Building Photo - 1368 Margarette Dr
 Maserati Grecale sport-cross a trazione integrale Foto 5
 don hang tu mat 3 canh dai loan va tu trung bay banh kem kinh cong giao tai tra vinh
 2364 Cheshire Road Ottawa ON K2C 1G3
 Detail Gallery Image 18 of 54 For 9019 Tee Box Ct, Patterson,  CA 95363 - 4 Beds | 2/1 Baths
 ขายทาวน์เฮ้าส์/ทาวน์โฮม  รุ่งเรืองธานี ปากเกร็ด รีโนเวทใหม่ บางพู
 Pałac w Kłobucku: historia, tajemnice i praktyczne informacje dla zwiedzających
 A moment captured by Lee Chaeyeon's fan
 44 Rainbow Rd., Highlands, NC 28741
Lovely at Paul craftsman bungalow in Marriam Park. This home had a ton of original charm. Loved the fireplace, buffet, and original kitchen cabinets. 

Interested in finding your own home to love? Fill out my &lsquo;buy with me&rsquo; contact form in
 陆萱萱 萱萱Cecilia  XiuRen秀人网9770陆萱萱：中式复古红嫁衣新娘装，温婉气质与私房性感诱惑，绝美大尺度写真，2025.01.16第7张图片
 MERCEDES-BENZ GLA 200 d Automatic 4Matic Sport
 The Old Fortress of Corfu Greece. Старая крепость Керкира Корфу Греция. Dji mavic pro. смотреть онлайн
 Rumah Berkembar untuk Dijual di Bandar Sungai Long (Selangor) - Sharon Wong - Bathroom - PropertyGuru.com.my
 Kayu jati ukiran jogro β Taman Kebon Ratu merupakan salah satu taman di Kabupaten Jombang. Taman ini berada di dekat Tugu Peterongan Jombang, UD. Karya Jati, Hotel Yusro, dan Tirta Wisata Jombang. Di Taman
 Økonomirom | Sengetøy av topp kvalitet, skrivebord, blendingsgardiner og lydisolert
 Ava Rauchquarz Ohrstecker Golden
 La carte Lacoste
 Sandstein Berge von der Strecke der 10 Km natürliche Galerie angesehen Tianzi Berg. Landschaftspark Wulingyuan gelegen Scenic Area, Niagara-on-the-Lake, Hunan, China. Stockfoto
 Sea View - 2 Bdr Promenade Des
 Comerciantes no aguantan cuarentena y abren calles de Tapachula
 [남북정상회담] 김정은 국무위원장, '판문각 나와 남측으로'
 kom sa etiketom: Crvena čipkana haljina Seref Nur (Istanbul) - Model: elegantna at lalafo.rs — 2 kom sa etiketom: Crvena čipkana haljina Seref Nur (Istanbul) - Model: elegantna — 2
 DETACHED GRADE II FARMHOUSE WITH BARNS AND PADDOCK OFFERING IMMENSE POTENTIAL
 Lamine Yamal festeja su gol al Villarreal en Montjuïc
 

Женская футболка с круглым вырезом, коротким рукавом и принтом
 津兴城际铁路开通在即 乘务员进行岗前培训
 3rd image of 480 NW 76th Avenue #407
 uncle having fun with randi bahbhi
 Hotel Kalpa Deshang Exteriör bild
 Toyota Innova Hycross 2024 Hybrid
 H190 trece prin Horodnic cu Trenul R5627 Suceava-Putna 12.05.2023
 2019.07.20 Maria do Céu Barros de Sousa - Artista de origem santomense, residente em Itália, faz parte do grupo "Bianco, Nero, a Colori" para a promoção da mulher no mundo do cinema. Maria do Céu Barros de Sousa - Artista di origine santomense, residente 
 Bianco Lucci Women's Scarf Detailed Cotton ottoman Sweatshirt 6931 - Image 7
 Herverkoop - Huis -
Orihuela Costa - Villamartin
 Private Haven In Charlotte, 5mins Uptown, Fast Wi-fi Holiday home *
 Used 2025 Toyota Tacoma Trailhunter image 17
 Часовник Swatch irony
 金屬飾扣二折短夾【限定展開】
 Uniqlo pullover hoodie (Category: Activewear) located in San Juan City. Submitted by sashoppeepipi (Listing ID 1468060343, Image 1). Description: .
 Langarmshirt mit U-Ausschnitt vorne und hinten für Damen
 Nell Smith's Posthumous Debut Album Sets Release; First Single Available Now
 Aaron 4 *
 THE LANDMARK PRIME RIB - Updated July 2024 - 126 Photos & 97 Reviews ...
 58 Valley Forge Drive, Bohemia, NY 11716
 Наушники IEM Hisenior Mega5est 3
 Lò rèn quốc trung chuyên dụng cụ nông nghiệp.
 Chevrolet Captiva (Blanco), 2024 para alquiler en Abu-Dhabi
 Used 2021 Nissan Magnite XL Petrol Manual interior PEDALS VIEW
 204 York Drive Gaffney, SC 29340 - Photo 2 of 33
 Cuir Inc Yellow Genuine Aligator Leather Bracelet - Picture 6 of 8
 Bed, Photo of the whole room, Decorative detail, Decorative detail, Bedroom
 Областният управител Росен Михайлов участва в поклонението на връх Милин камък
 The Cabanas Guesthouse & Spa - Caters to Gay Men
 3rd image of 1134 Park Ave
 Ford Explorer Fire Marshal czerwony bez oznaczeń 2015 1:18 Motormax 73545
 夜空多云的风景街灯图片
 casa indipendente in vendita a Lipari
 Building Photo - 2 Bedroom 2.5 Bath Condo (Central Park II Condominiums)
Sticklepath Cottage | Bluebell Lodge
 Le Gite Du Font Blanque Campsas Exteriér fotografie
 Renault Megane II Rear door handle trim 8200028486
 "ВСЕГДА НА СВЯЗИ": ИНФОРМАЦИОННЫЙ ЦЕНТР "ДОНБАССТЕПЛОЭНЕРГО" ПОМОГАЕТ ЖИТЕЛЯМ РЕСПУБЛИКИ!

----------

Assigned task — Reproduce exactly the lines above from the line with "Bed, Photo of" to the line with "Sticklepath Cottage | Bluebell Lodge", including both, and add nothing.

Solution to this task —
 Bed, Photo of the whole room, Decorative detail, Decorative detail, Bedroom
 Областният управител Росен Михайлов участва в поклонението на връх Милин камък
 The Cabanas Guesthouse & Spa - Caters to Gay Men
 3rd image of 1134 Park Ave
 Ford Explorer Fire Marshal czerwony bez oznaczeń 2015 1:18 Motormax 73545
 夜空多云的风景街灯图片
 casa indipendente in vendita a Lipari
 Building Photo - 2 Bedroom 2.5 Bath Condo (Central Park II Condominiums)
Sticklepath Cottage | Bluebell Lodge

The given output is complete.